Brave Miss World, an award-winning documentary, tells the story of Miss Israel Linor Abargil, who was abducted, stabbed and raped just weeks before she was crowned Miss World, and how she fought at a time when most victims would retreat in shame to change the way society views sexual assault and rape.


Ten years after her attack – years filled with a very difficult public trial that ended in a conviction of her attacker – Abargil finally felt healed enough to speak up and become a global advocate to erase the shame and stigma about rape worldwide.


“Why should I be ashamed? The fault was his, it wasn’t mine,” said Arbargil. She became a symbol in Israel as a survivor and decided to make a film so that her message about the importance of not staying silent could reach more people than she could reach alone.


“Wherever she went [in Israel], women approached her to thank her for her courage, and to say that she had helped them to tell someone, or to report, and to speak up about it,” said Cecilia Peck, the film’s director. “The year after her case, reports of rape rose significantly and Israeli laws were changed giving rape victims more rights.

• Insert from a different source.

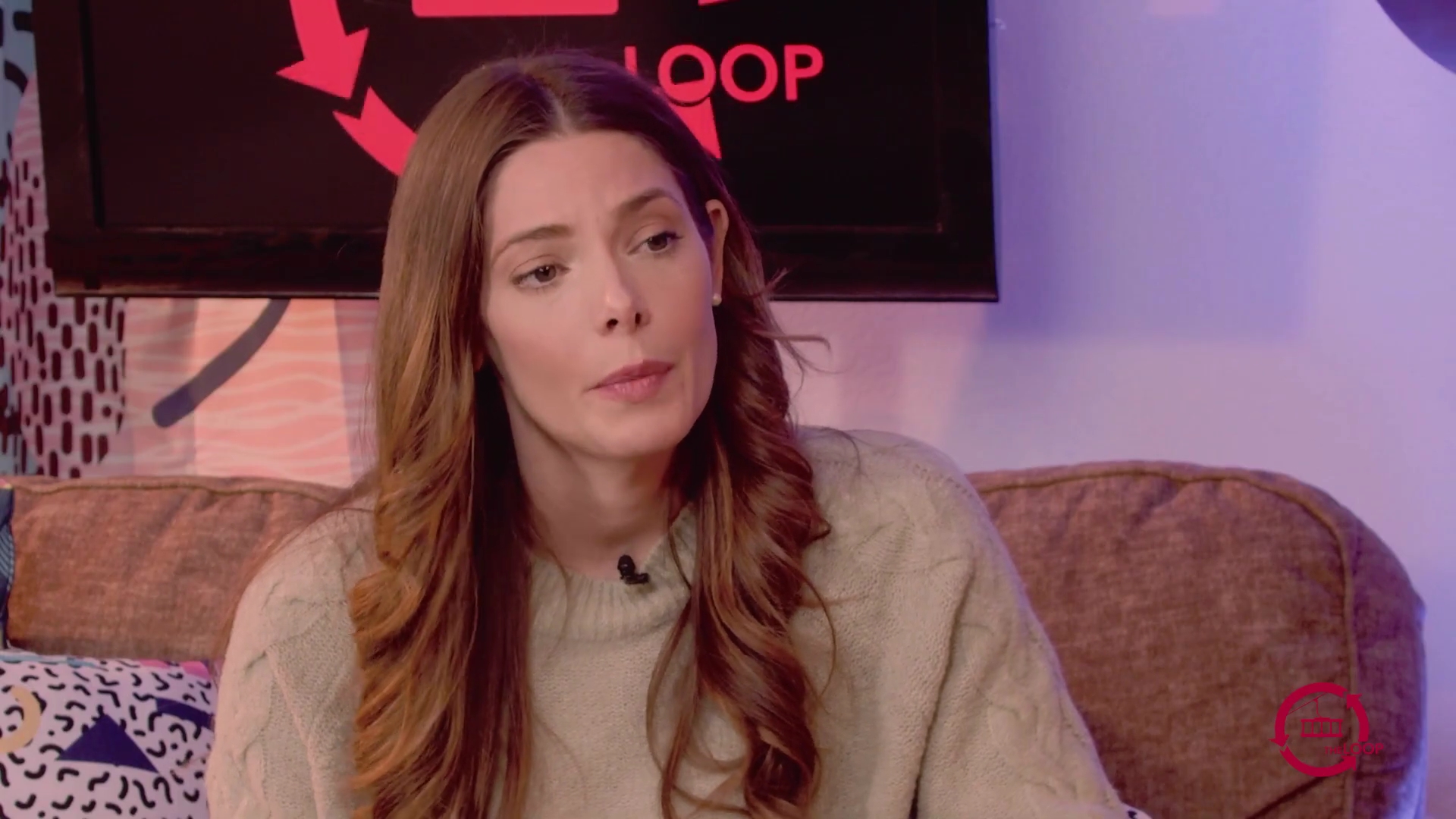 Ashley-Greene-dot-nl_2022TheLoop0174.jpg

Peck shared insights on creating the film and answered questions at a private showing with 95 professionals. Jewish Family Service also partnered with Cincinnati Hillel and Miami Hillel to present the film and Peck to students at University of Cincinnati and Miami University. A welcome by Miami University President Dr. Gregory Crawford reinforced the importance of this topic on the college campus.


The film encourages survivors to speak up and share their stories, giving support to others. But because 85% of rapes are by someone the survivor knows, it is often difficult to report. “Linor is a forceful advocate for speaking up. But Linor was in the minority. She had family support and a public voice with a crown. Not everyone CAN report. But at least tell a friend or family member so the pain isn’t internalized,” said Peck.

The film also acts as a guide to anyone who is a first responder to a survivor’s call about an attack. For survivors to not blame themselves and begin to heal, it is critical for the first words they hear to be, “I believe you. It wasn’t your fault. I’m going to help you.” 


Peck explained, “When we victim blame, even by asking ‘What were you wearing? Were you drinking?’ that silences the survivor and they start to believe it was their fault. Those questions we ask are actually accusations.  We have to stop putting responsibility on the drinking and put it on the rapist.”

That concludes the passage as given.